Колька прошел к столу и сел на материно место— на табурет. А Егор все еще стоял, виновато склонив голову.
— Ты сядь, тятя.
Егор послушно опустился на лавку. Тыкал вслепую окурком в герань на окошке: только махра трещала. И глазами кругом бегал: вокруг Кольки. Колька поглядел на него, по-взрослому поглядел: пристально. А потом сказал:
— Ни в чем ты не виноват, тятя. Это я виноват.
— Ты? Как так выходит?
— Не остановил тебя вовремя, — вздохнул Колька. — Ты ведь у меня заводной товарищ, верно?
— Верно, сынок. Правильно.
— Вот. А я не остановил. Стало быть, я и виноват. И ты в стол не гляди. Ты на меня гляди, ладно? Как прежде.
Прыгнули у Егора губы: не поймешь, улыбнуться хотел или свистнуть. Еле-еле совладал:
— Чистоглазик ты мой…
— Ну, ладно, чего там, — сердито сказал Колька и отвернулся.
И правильно, что отвернулся, потому что у Егора в носу вдруг ласвербило и сами собой две слезы по небритости проползли. Он смахнул их, заулыбался и заново начал свертывать цигарку. И пока свертывал ее, пока прикуривал, оба молчали: и отец, и сын. А потом Колька повернулся, сверкнул глазами:
— Какого я мужичищу у Нонны Юрьевны слушал, ну, тять!
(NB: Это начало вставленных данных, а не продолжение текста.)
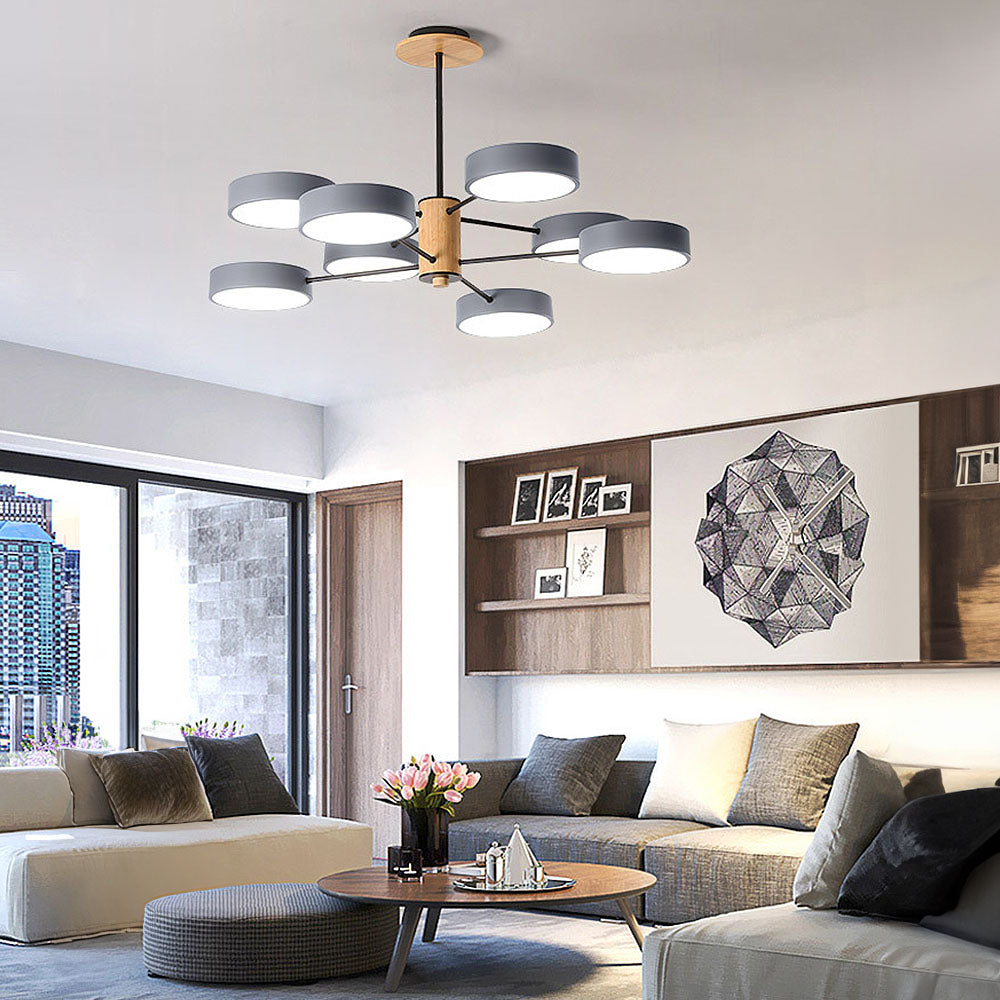 Macaron Multi Arm Modern LED Ceiling Pendant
Голосище! Прямо как у слона.
К вечеру Харитина поросячьей утробы нажарила, напарила и на стол выставила. Егор в чистой рубахе в красном углу сидел: слева подарки, справа — пол-литры. Каждого подарком встречал и граненым стаканчиком (лафитничков в обзаведении не имелось):
— Будь здоров, гость дорогой. Пей от горла, ешь от пуза, на подарочек радуйся.
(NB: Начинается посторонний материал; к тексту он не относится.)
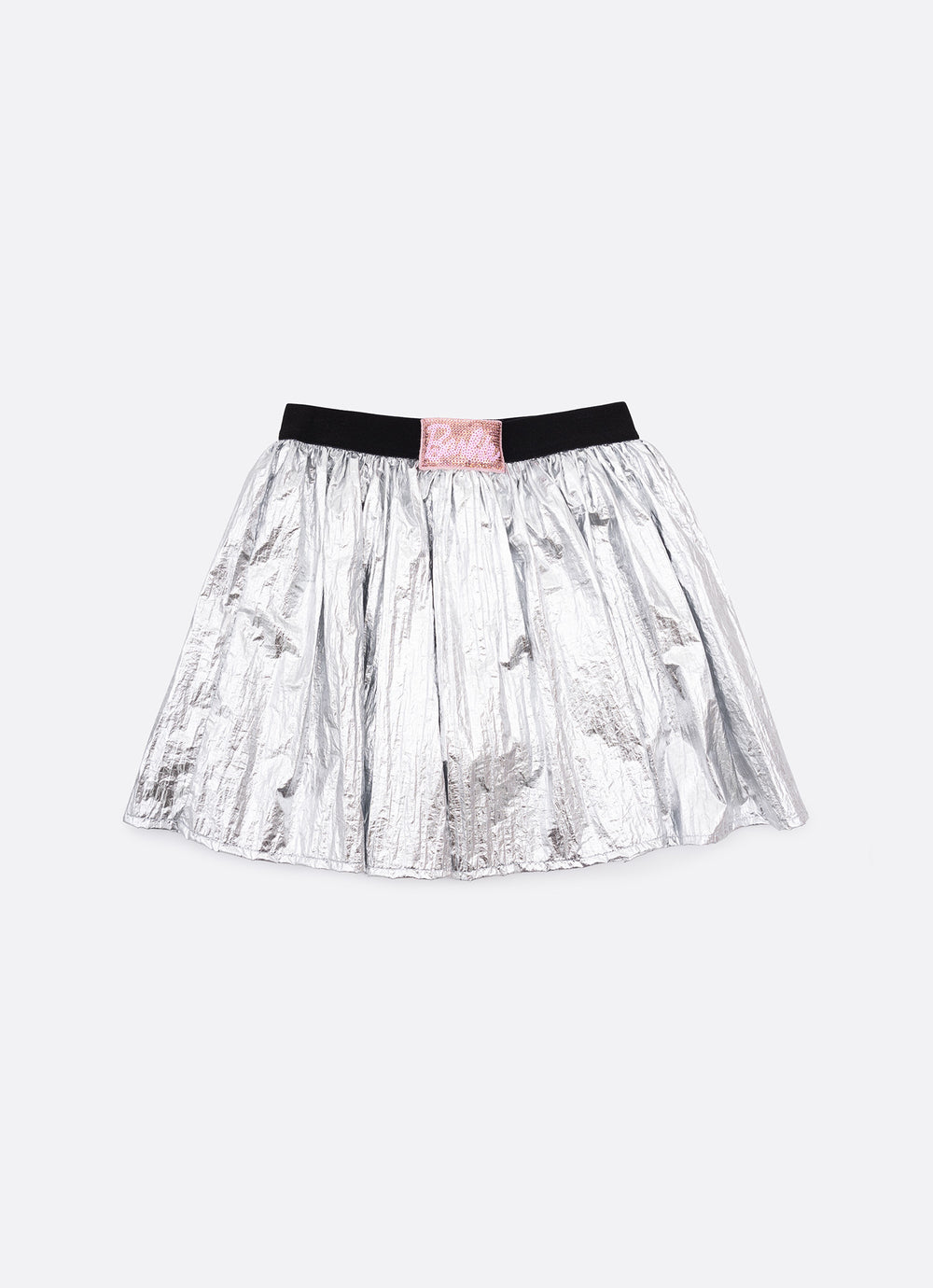 Saia Short Malha Prata Barbie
Бригадиров и прорабов Харитина не собрала (а может, и не хотела), но Яков Прокопыч приперся.
— Зла на тебя, Полушкин, не держу, потому и пришел. Но закон уважаю сердечно. И тебя, значит, уважил и закон уважаю. Такая у меня постановка вопроса.
— Садись, Яков Прокопыч, товарищ Сазанов. Испробуй нашего угощения.
— С нашим полным удовольствием. Все должно быть соблюдено, верно? Все, что положено. А что не положено, то фантазии. Бензином бы их полить да и сжечь.
Федор Ипатыч тоже присутствовал. Но в себе был весь, сумраком занавешенный. И потому помалкивал: ел да пил. Но Якову Прокопычу ответил:
— Всем на чужом пожаре занятье по душе найдется. Кому тушить, кому глазеть, а кому руки греть.
Вскинулся Яков Прокопыч:
— Как понимать, Федор Ипатыч, это примечание?
— Законников надо жечь, а не фантазии. Собрать бы всех законников да и сжечь. На очень медленном огне.
Разгореться бы тут спору, да Марьица не дала. Задергала мужа:
— Не спорь. Не встревай. Наше дело — сторона-сторонушка.
И Вовка с другого уха поддакнул:
— Может, лодка когда понадобится…
А Егор и не слышал ничего из своего красного угла. Подарки раздавал, водкой заведовал. Сам пил, других угощал:
— Пейте, гости дорогие! Федор Ипатыч, свояк дорогой, мил дружок мой единственный, что нахмурился-засупонился? Улыбнись, взгляни бархатно, молви слово свое драгоценное.
— Слово? Это можно. — Поднял Федор Ипатыч стакан. — С прибылью, хозяин, тебя, и с догадкой: раз кругом все такие законники, без догадки не проживешь. Вот вывернулся ты, значит, и молодец. Да. Хвалю. Чиста душа в рай глядит.